» Task
Your copy should hold exactly the lines from the one containing "whiplash 在线观看,一场震撼心灵的爵士鼓传奇" through the last line of the entries, and no pictures.

» Information
↓↓↓

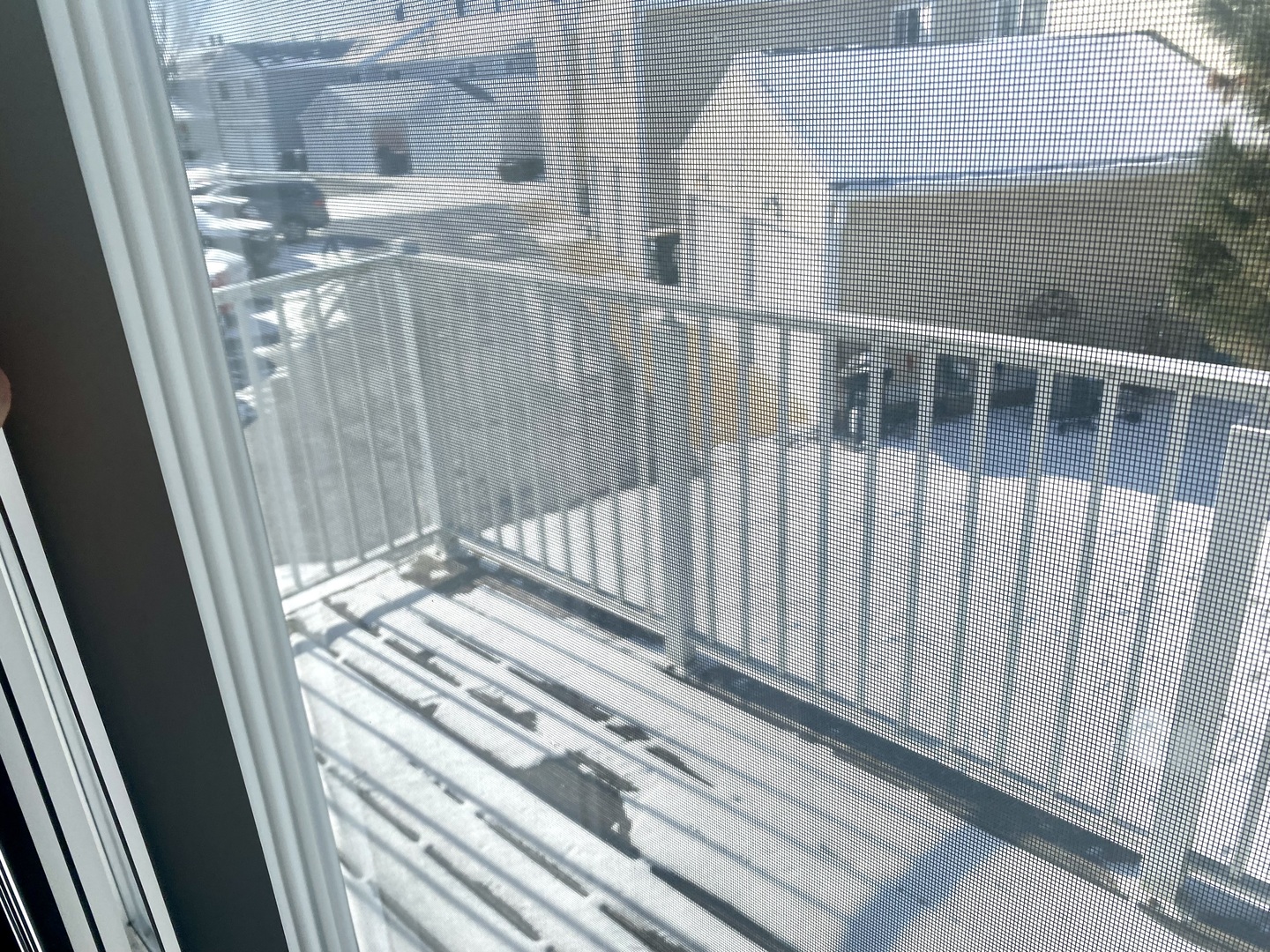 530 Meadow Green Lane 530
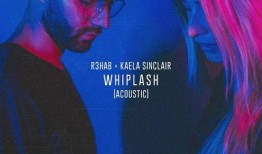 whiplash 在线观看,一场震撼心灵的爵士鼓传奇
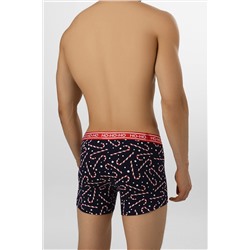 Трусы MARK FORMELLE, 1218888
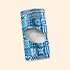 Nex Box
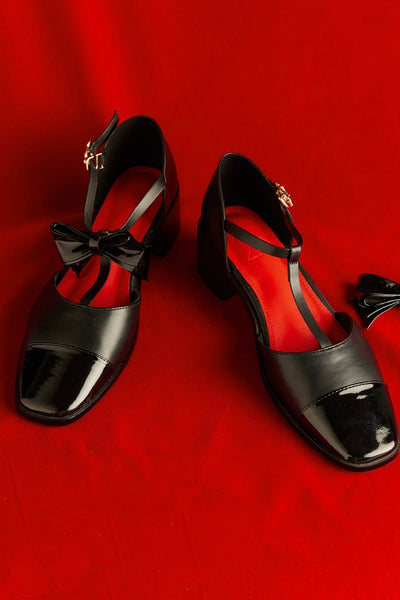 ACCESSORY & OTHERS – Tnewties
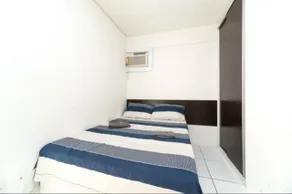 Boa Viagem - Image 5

↑↑↑

» Answer section
 whiplash 在线观看,一场震撼心灵的爵士鼓传奇
 Трусы MARK FORMELLE, 1218888
 Nex Box
 ACCESSORY & OTHERS – Tnewties
 Boa Viagem - Image 5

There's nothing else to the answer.